Se os jornais argentinos recorrem ao surrealismo para explicar aos seus leitores o Brasil e o caos aéreo, o jornal francês Le Figaro (edição de ontem), eterno porta-voz da direita francesa, assegura que "o Brasil governado pelo ex-metalúrgico Luiz Inácio Lula da Silva é o “paraíso dos ricos”. O Figaro informa que São Paulo já tem sete shoppings de luxo e em breve terá mais três, com helipontos para conforto dos milionários. Destaca que, se a economia cresceu 3,7% no ano passado, o segmento de luxo registrou expansão de 32%: “as fortunas brasileiras souberam tirar proveito da política econômica do governo Lula. Para conter a inflação, ele tem mantido as taxas de juros em níveis astronômicos, fazendo a alegria do setor financeiro”.
Ao contrário da classe operária, são os ricos que desfrutam do paraíso brasileiro para inveja da direita francesa. Como têm à disposição a frota de helicópteros e jatinhos executivos, o Brasil surrealista, analisado pelos argentinos, não os interessa nem os incomoda. A massa bruta, anestesiada com o bolsa-família, se mantém obviamente alheia aos problemas estruturais e de gestão do país. A classe média, orfã e fora do jogo político, vive calcinados dias de pânico e apoplexia.
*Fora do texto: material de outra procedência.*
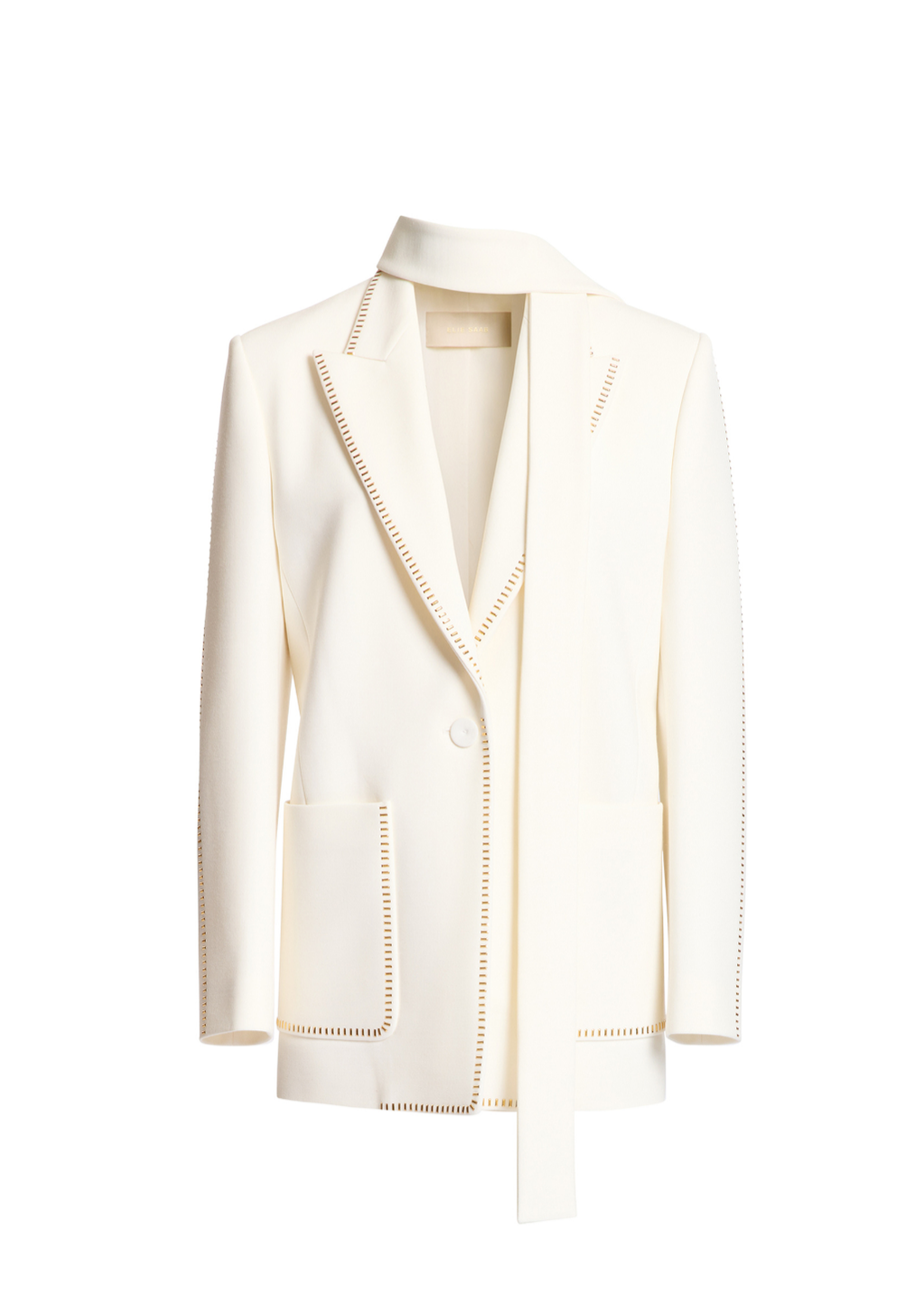 Renwick Scarf-Detailed Wool Crepe Blazer In Off-White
Para o paraíso ficar ainda mais aprazível só faltaria garantir o terceiro mandato. Dinheiro não seria problema para investir na aventura constitucional . Mas aí aparece, de vez em quando, um poema sonoro no Maracanã, uma falta de grooving em São Paulo, um atentado lingüístico grampeado de um aloprado, uma ministra excitando lubricamente passageiros refugados, um grupo de exportadores incomodado com a vertigem do dólar, e pode estragar a festa do "queremismo". Os ricos das páginas do Le Figaro estão se perguntando, desde já: será que acharemos no ABC outro mano metalúrgico tão altruísta? Afora Adão e Eva, se desconhece quem tenha sido expulso do paraíso. Portanto, é claro que os milionários da era daslu-lulista já iniciaram a busca. Frei Betto bem que poderia prestar-lhes uma consultoria.